### Record excerpts
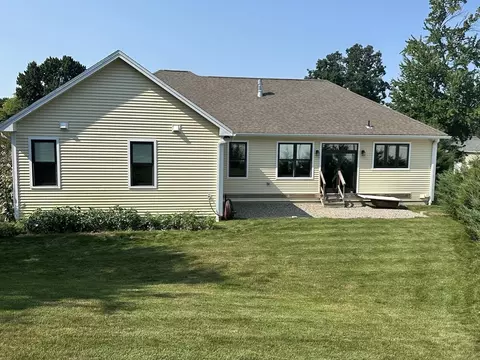 Exterior - 139 Blanchard St, Chicopee, MA 01020 photo 5 of 8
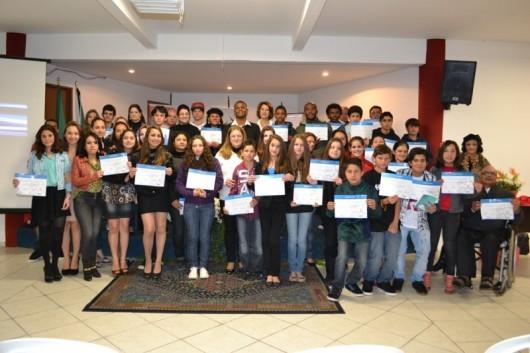 Alunos do Geração.com Fontana celebram formatura e inclusão digital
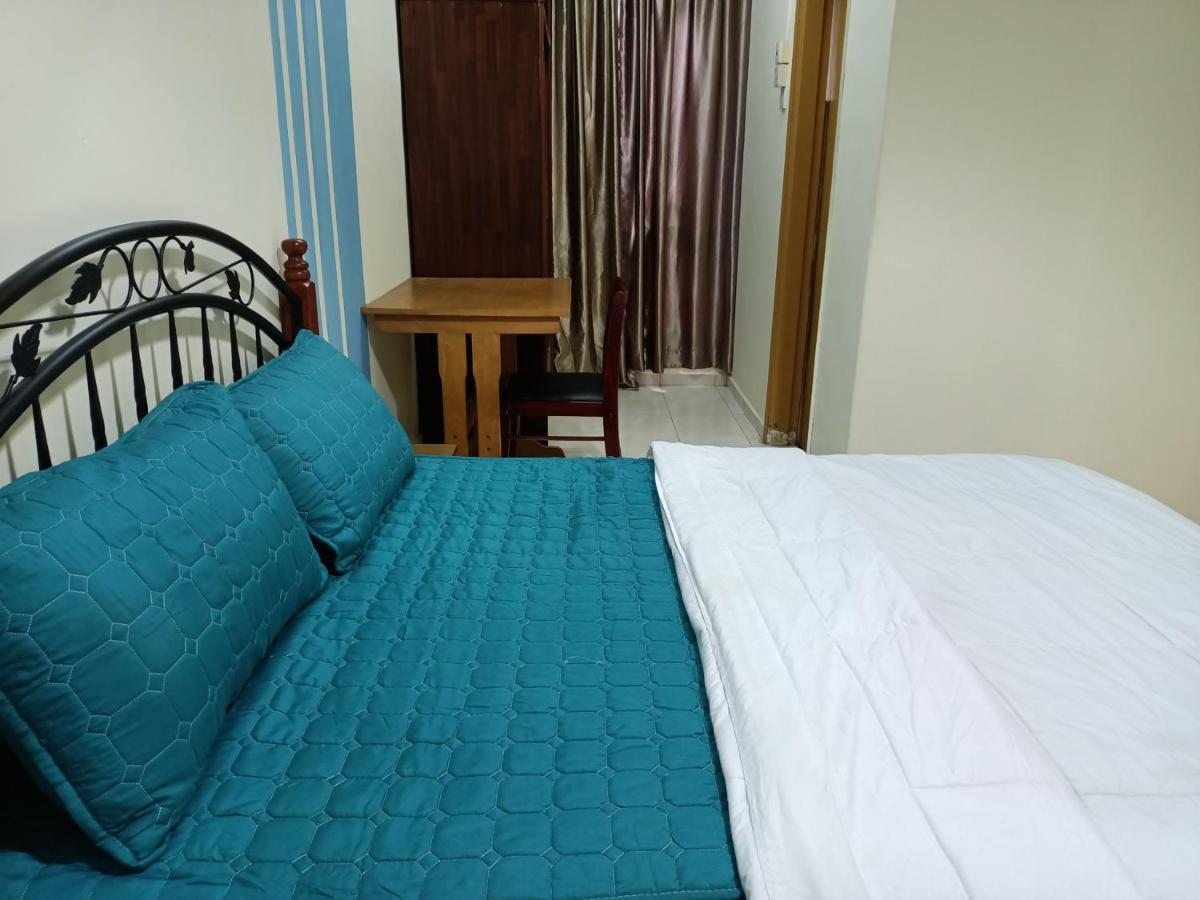 Oyo Home 90419 Sahar Guesthouse Malacca Exterior foto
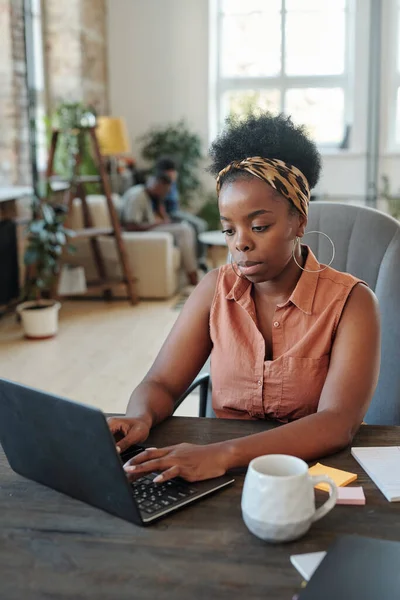 Allvarlig Ung Afrikansk Kvinnlig Frilansare Brun Casual Blus Och Leopard — Stockfoto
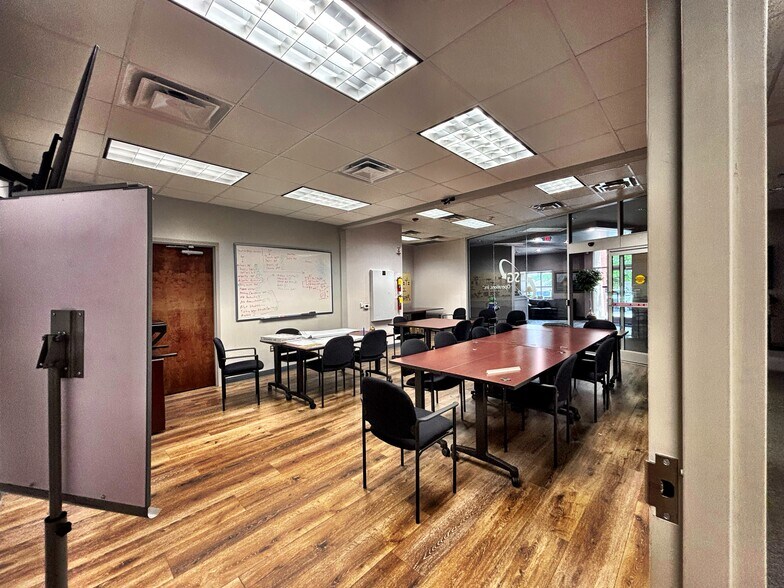 More Photos Of 6400 Peake Rd, Macon-Bibb Office For Sale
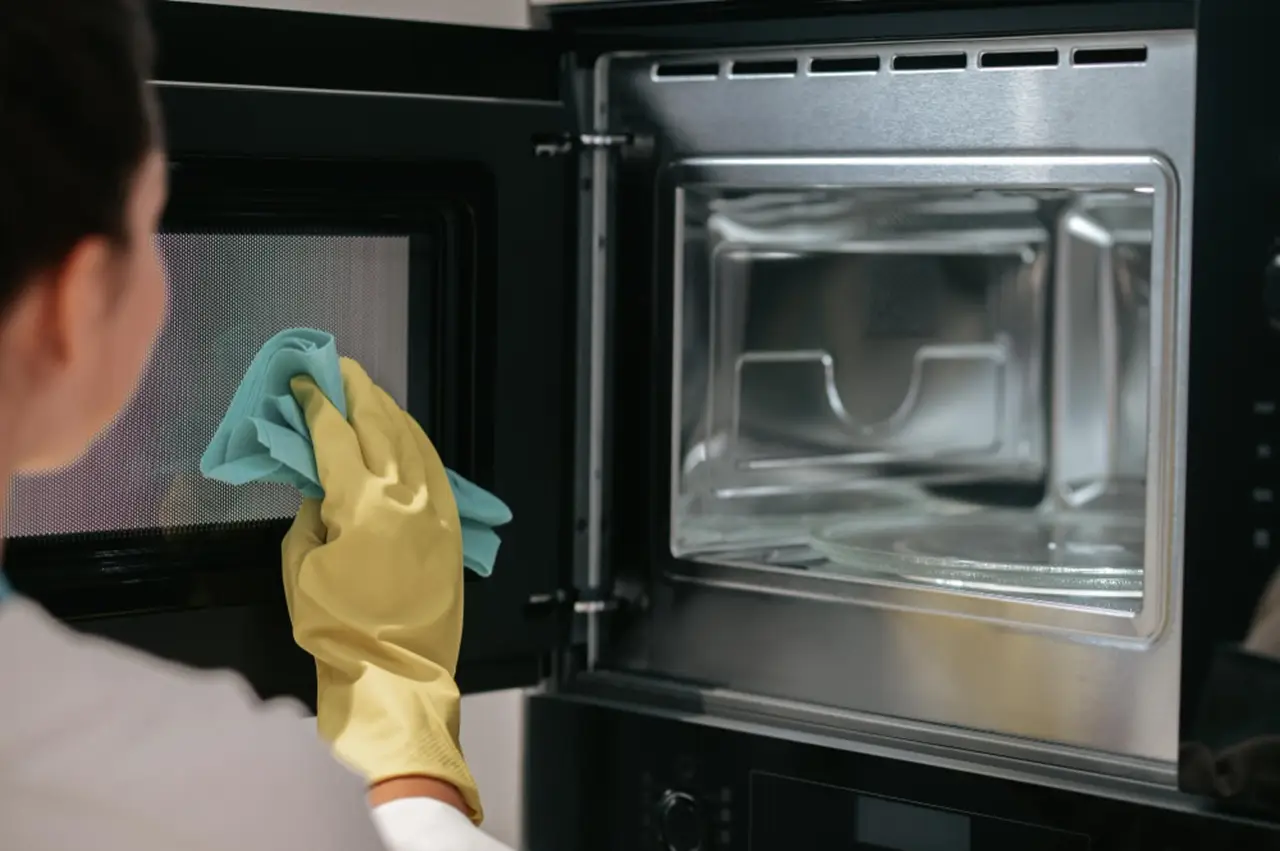 Come pulire il microonde in 5 minuti senza prodotti chimici Come pulire il microonde in 5 minuti senza prodotti chimici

### Problem description
The copy you return must match the records above exactly, minus any images.

### Result for this exercise
 Exterior - 139 Blanchard St, Chicopee, MA 01020 photo 5 of 8
 Alunos do Geração.com Fontana celebram formatura e inclusão digital
 Oyo Home 90419 Sahar Guesthouse Malacca Exterior foto
 Allvarlig Ung Afrikansk Kvinnlig Frilansare Brun Casual Blus Och Leopard — Stockfoto
 More Photos Of 6400 Peake Rd, Macon-Bibb Office For Sale
 Come pulire il microonde in 5 minuti senza prodotti chimici Come pulire il microonde in 5 minuti senza prodotti chimici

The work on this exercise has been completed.